There is no change in PLT. The only externally visible change is the
improvement of synthetic PLT symbols for .plt.got.
bfd/
* elf64-x86-64.c (PLT_ENTRY_SIZE): Renamed to ...
(LAZY_PLT_ENTRY_SIZE): This.
(NON_LAZY_PLT_ENTRY_SIZE): New.
(elf_x86_64_plt0_entry): Renamed to ...
(elf_x86_64_lazy_plt0_entry): This.
(elf_x86_64_plt_entry): Renamed to ...
(elf_x86_64_lazy_plt_entry): This.
(elf_x86_64_bnd_plt0_entry): Renamed to ...
(elf_x86_64_lazy_bnd_plt0_entry): This.
(elf_x86_64_legacy_plt_entry): Removed.
(elf_x86_64_bnd_plt_entry): Renamed to ...
(elf_x86_64_lazy_bnd_plt_entry): This.
(elf_x86_64_legacy_plt2_entry): Renamed to ...
(elf_x86_64_non_lazy_plt_entry): This.
(elf_x86_64_bnd_plt2_entry): Renamed to ...
(elf_x86_64_non_lazy_bnd_plt_entry): This.
(elf_x86_64_eh_frame_plt): Renamed to ...
(elf_x86_64_eh_frame_lazy_plt): This.
(elf_x86_64_eh_frame_bnd_plt): Renamed to ...
(elf_x86_64_eh_frame_lazy_bnd_plt): This.
(elf_x86_64_eh_frame_plt_got): Renamed to ...
(elf_x86_64_eh_frame_non_lazy_plt): This.
(elf_x86_64_lazy_plt_layout): New.
(elf_x86_64_non_lazy_plt_layout): Likewise.
(elf_x86_64_plt_layout): Likewise.
(elf_x86_64_backend_data): Remove PLT layout information. Add
os for target system.
(GET_PLT_ENTRY_SIZE): Removed.
(elf_x86_64_lazy_plt): New.
(elf_x86_64_non_lazy_plt): Likewise.
(elf_x86_64_lazy_bnd_plt): Likewise.
(elf_x86_64_non_lazy_bnd_plt): Likewise.
(elf_x86-64_arch_bed): Updated.
(elf_x86_64_link_hash_table): Add plt, lazy_plt and non_lazy_plt.
(elf_x86_64_create_dynamic_sections): Removed.
(elf_x86_64_check_relocs): Don't check elf.dynobj. Don't call
_bfd_elf_create_ifunc_sections nor _bfd_elf_create_got_section.
(elf_x86-64_adjust_dynamic_symbol): Updated.
(elf_x86_64_allocate_dynrelocs): Updated. Pass 0 as PLT header
size to _bfd_elf_allocate_ifunc_dyn_relocs and don't allocate
size for PLT0 if there is no PLT0. Get plt_entry_size from
non_lazy_plt for non-lazy PLT entries.
(elf_x86_64_size_dynamic_sections): Updated. Get plt_entry_size
from non_lazy_plt for non-lazy PLT entries.
(elf_x86-64_relocate_section): Updated. Properly get PLT index
if there is no PLT0.
(elf_x86_64_finish_dynamic_symbol): Updated.
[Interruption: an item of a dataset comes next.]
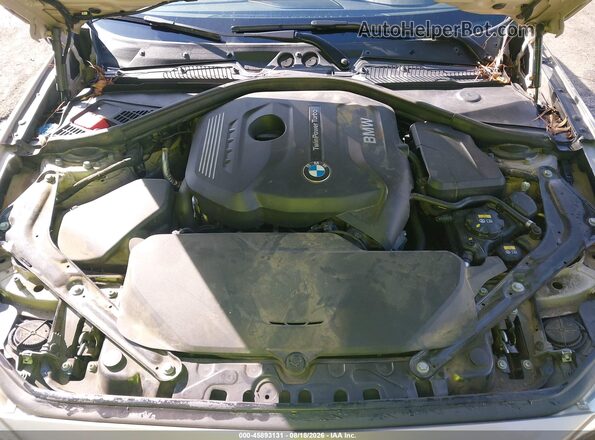 WBA2K9C38HV950356 2017 BMW 2 SERIES Brown Vista trasera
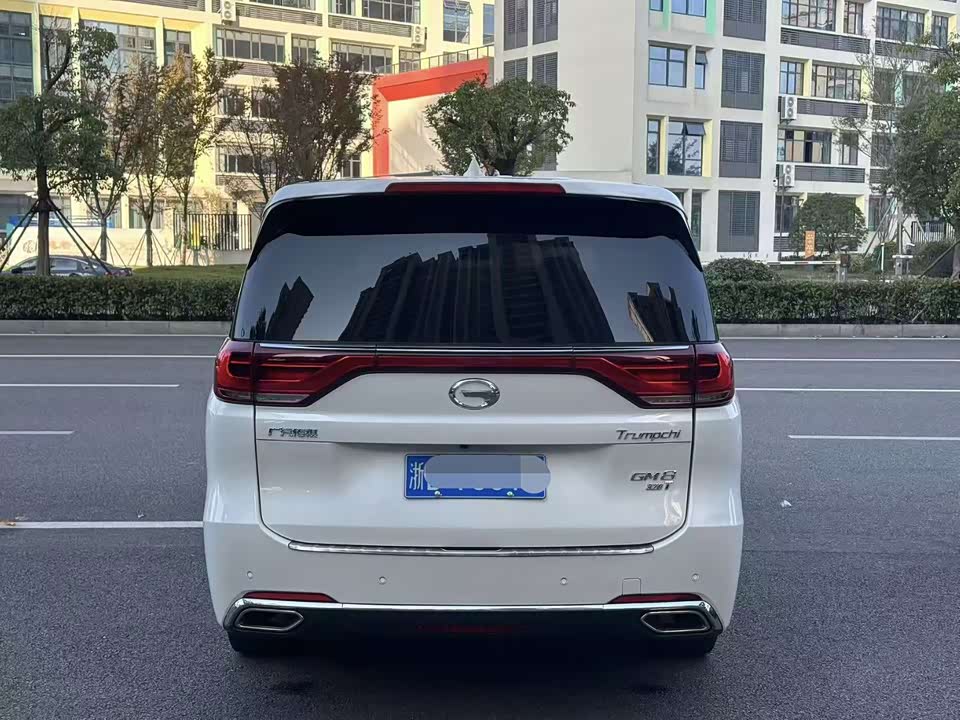 Trumpchi Trumpchi M8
Fill the first slot
in the PLT entry with generic PLT layout. Fill the non-lazy PLT
entries with non-lazy PLT layout. Don't fill the second and third
slots in the PLT entry if there is no PLT0.
(elf_x86_64_finish_dynamic_sections): Updated. Don't fill PLT0
if there is no PLT0. Set sh_entsize on the .plt.got section.
(compare_relocs): New.
(elf_x86_64_plt_type): Likewise.
(elf_x86_64_plt): Likewise.
(elf_x86_64_nacl_plt): New. Forward declaration.
(elf_x86_64_get_plt_sym_val): Removed.
(elf_x86_64_get_synthetic_symtab): Rewrite to check PLT sections
against all dynamic relocations.
(elf_x86_64_link_setup_gnu_properties): New function.
(elf_backend_create_dynamic_sections): Updated.
(elf_backend_setup_gnu_properties): New.
(elf_x86_64_nacl_plt): New.
(elf_x86_64_nacl_arch_bed): Updated.
ld/
* testsuite/ld-ifunc/ifunc-16-x86-64-now.d: New file.
* testsuite/ld-ifunc/ifunc-2-local-x86-64-now.d: Likewise.
* testsuite/ld-ifunc/ifunc-2-x86-64-now.d: Likewise.
* testsuite/ld-ifunc/pr17154-x86-64-now.d: Likewise.
* testsuite/ld-x86-64/bnd-branch-1-now.d: Likewise.
* testsuite/ld-x86-64/bnd-ifunc-1-now.d: Likewise.
* testsuite/ld-x86-64/bnd-ifunc-2-now.d: Likewise.
* testsuite/ld-x86-64/bnd-plt-1-now.d: Likewise.
* testsuite/ld-x86-64/mpx3n.dd: Likewise.
* testsuite/ld-x86-64/mpx4n.dd: Likewise.
* testsuite/ld-x86-64/plt-main-bnd-now.rd: Likewise.
* testsuite/ld-x86-64/plt2.dd: Likewise.
* testsuite/ld-x86-64/plt2.rd: Likewise.
* testsuite/ld-x86-64/plt2.s: Likewise.
* testsuite/ld-x86-64/pr20830a-now.d: Likewise.
* testsuite/ld-x86-64/pr20830b-now.d: Likewise.
* testsuite/ld-x86-64/pr21038a-now.d: Likewise.
* testsuite/ld-x86-64/pr21038b-now.d: Likewise.
* testsuite/ld-x86-64/pr21038c-now.d: Likewise.
* testsuite/ld-x86-64/load1b-nacl.d: Updated.
* testsuite/ld-x86-64/load1b.d: Likewise.
* testsuite/ld-x86-64/plt-main-bnd.dd: Likewise.
* testsuite/ld-x86-64/pr20253-1h.d: Likewise.
* testsuite/ld-x86-64/pr20830a.d: Update the .plt.got section
with func@plt.
* testsuite/ld-x86-64/pr20830b.d: Likewise.
* testsuite/ld-x86-64/pr21038a.d: Likewise.
* testsuite/ld-x86-64/pr21038c.d: Likewise.
* testsuite/ld-x86-64/mpx.exp: Add some -z now tests.
* testsuite/ld-x86-64/x86-64.exp: Likewise.